Excerpted data —
####

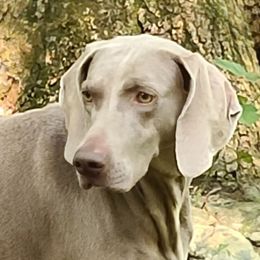 YIN - Weimaraner
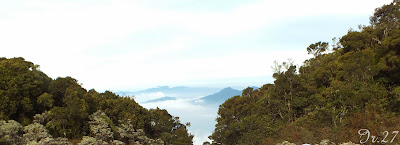 Mendaki Pangrango, puncak tertinggi kedua Jawa Barat &#91;22-25 November 2013&#93;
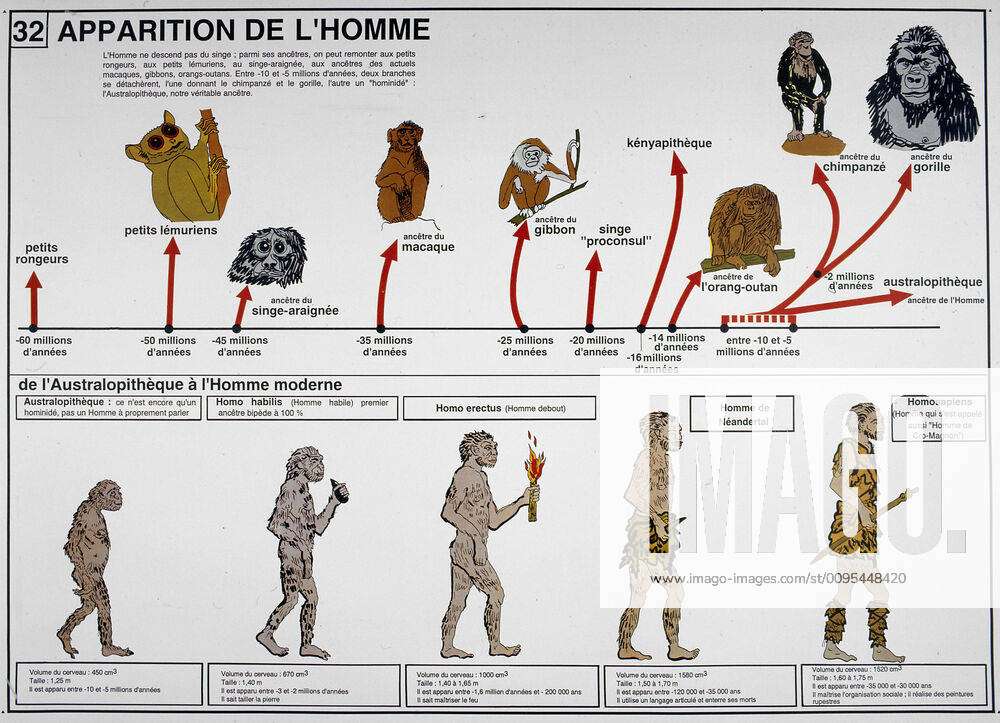 evolution of man chart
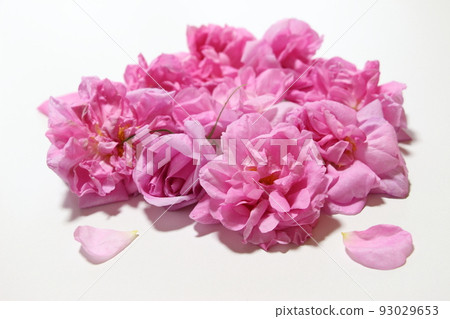 芬芳皇后大馬士革玫瑰 芬芳皇后大馬士革玫瑰 93029653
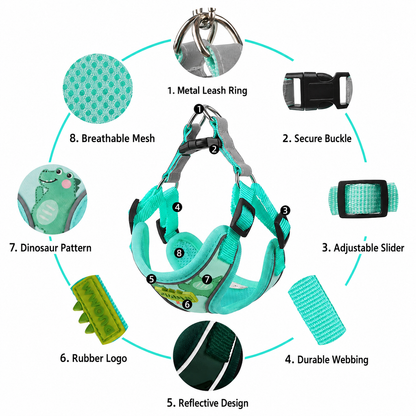 Dog Harness & Leash Set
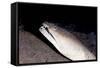 King Spotted Snake Eel (Ophichthus Ophis), Dominica, West Indies, Caribbean, Central America-Lisa Collins-Framed Stretched Canvas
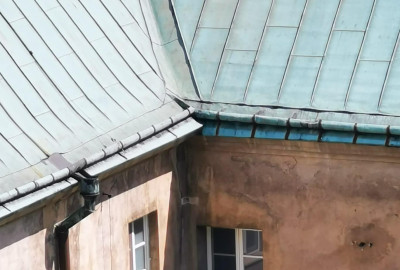 143619985_405246970760797_7467894235374303480_n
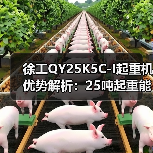 徐工QY25K5C-I起重机优势解析:25吨起重能力与灵活臂长(图4) 徐工QY25K5C-I起重机优势解析:25吨起重能力与灵活臂长(图4)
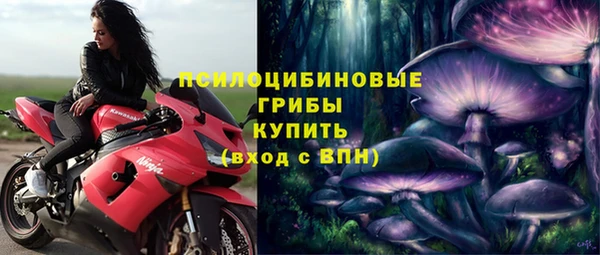 прущие грибы Алексеевка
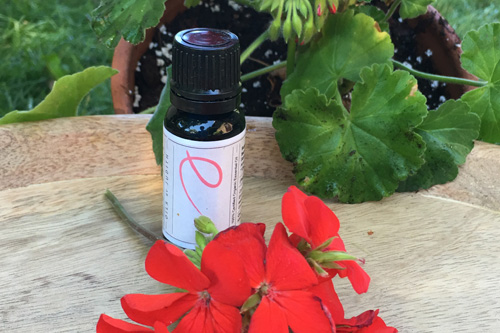 oils-slider1.jpg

####

Your instructions —
Transcribe all records verbatim, no pictures.

Completed exercise —
 YIN - Weimaraner
 Mendaki Pangrango, puncak tertinggi kedua Jawa Barat &#91;22-25 November 2013&#93;
 evolution of man chart
 芬芳皇后大馬士革玫瑰 芬芳皇后大馬士革玫瑰 93029653
 Dog Harness & Leash Set
 King Spotted Snake Eel (Ophichthus Ophis), Dominica, West Indies, Caribbean, Central America-Lisa Collins-Framed Stretched Canvas
 143619985_405246970760797_7467894235374303480_n
 徐工QY25K5C-I起重机优势解析:25吨起重能力与灵活臂长(图4) 徐工QY25K5C-I起重机优势解析:25吨起重能力与灵活臂长(图4)
 прущие грибы Алексеевка
 oils-slider1.jpg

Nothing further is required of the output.